Par Damien Bouhours | Publié le 10/03/2020 à 10:48 | Mis à jour le 10/03/2020 à 16:06
dominique tchimbakala

La présidente de l’Union-ALFM, Dominique Tchimbakala, s’est entretenue avec nous en pleine période de transition pour l’association, qui souhaite plus que jamais relever le défi de connecter et aider les anciens élèves des Lycées Français du monde.

 

La plateforme numérique de l’Union-ALFM permet de tisser un lien entre les anciens élèves. Mais est-ce facile de connecter des personnes aux parcours aussi variés et aussi dispersés dans le monde ?

Dominique Tchimbakala - J’ai plutôt tendance à dire que non. Nous sommes tous très différents mais nous avons tous un point commun qui est cette expérience d’avoir étudié dans un lycée français à l’étranger et d’être tous francophones. Dans cette communauté très diverse, on peut trouver des gens qui ont des points communs, comme un secteur d’activité, un type d’études ou des centres d’intérêts culturels ou artistiques. Ces thématiques permettent de rassembler les gens.

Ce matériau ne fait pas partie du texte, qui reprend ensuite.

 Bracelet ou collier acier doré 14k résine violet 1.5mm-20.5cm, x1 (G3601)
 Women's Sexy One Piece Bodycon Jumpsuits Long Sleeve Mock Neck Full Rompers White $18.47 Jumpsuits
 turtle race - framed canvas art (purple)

Nous avons actuellement 7880 personnes inscrites sur la plateforme. Nous espérons doubler au moins ce chiffre. Jusqu’à la fin de l’année, nous avons pour objectif de refondre la plateforme pour qu’elle ne soit pas juste un annuaire mais pour la rendre plus dynamique, en créant davantage de groupes thématiques pour que les dialogues et les mises en relations se fassent de manière naturelle. Nous souhaitons également fournir plus de services à nos adhérents.

 

En quoi il est important pour l’Union-ALFM d’être plus autonome pour se développer ?

Nous avons eu beaucoup de chance jusqu’ici d’être grandement épaulés par l’AEFE. On fête cette année nos 10 ans, ce qui devrait être l’âge de la majorité pour les associations. C’est donc important que nous puissions aller chercher des fonds extérieurs pour aider l’association à se développer. Nous avons trouvé TV5 Monde l’année dernière. L’idée est d’élargir le nombre de nos partenaires.

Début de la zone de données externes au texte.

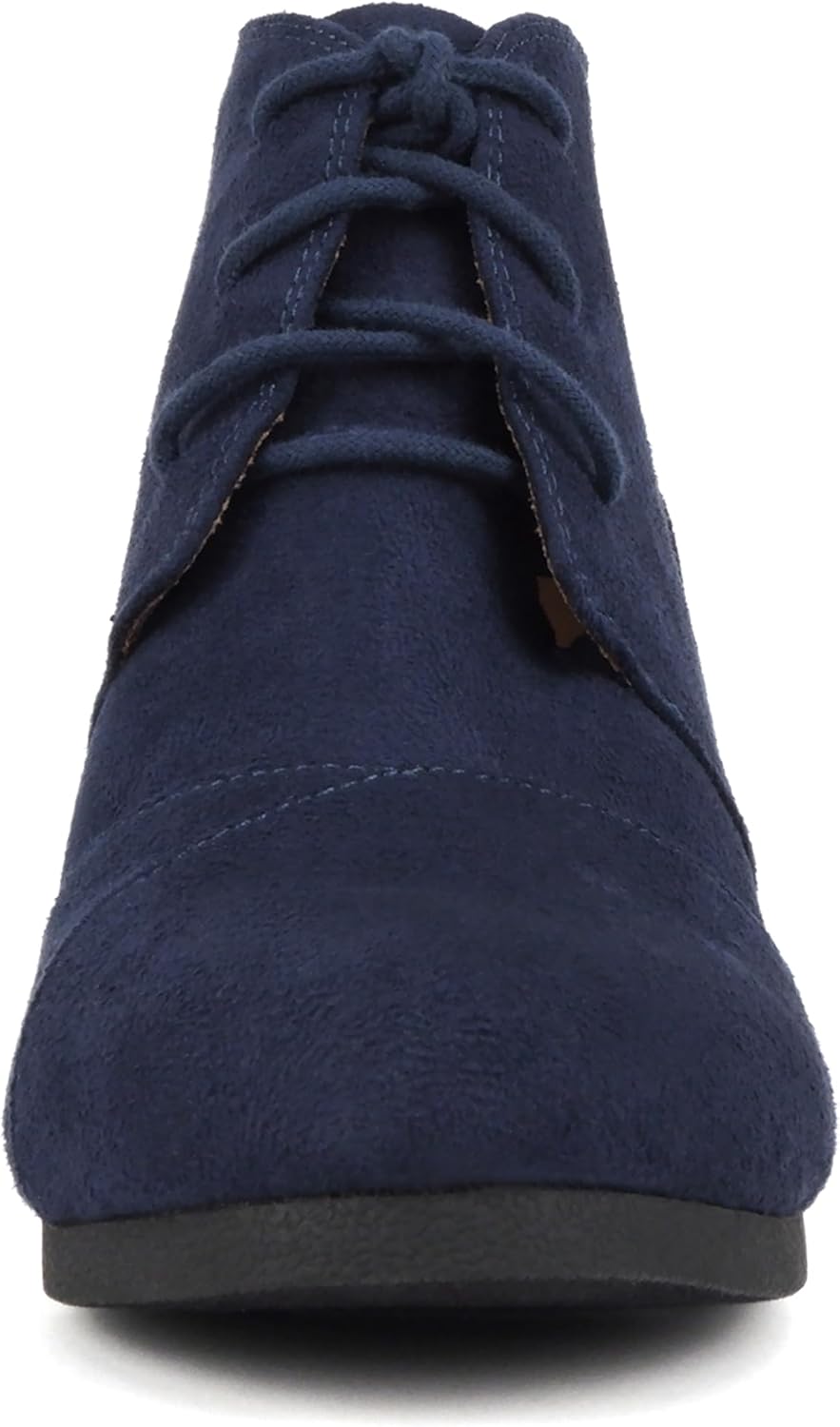Soda “REX” ~ Women Lace Up Rounded Toe Low Wedge Ankle Bootie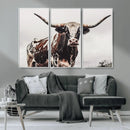Texas Longhorn Wall Art – Framed Spotted Bull Canvas by MyGreatCanvas | Canvas Wall Art Prints | Photo Prints & Wall Decor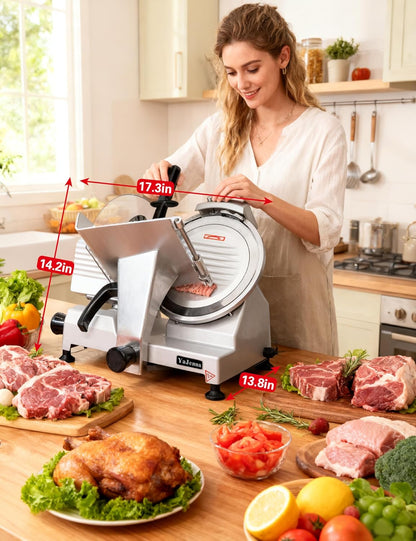 Electric Meat Slicer 10" 300W Deli and Ham Food Cheese Jerky Steak Slicer Cutting Machine Semi-Auto 0-15MM Adjustable Slice Thickness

On estime à 600.000 le nombre d’anciens élèves des Lycées français de l’étranger à travers le globe. Cette communauté n’est pas formalisée. Si on arrivait à monter cette communauté mondiale, on serait sans doute la communauté francophone la plus large au monde. C’est ça l’enjeu. Nous ne sommes pas tous français mais nous sommes tous francophones. C’est un beau défi de faire émerger cette communauté et de la faire vivre.

 

Nous avons envie de partager tout ce que nous avons eu la chance de recevoir

Vous insistez beaucoup sur la notion de solidarité entre anciens élèves. En quoi est-ce essentiel ?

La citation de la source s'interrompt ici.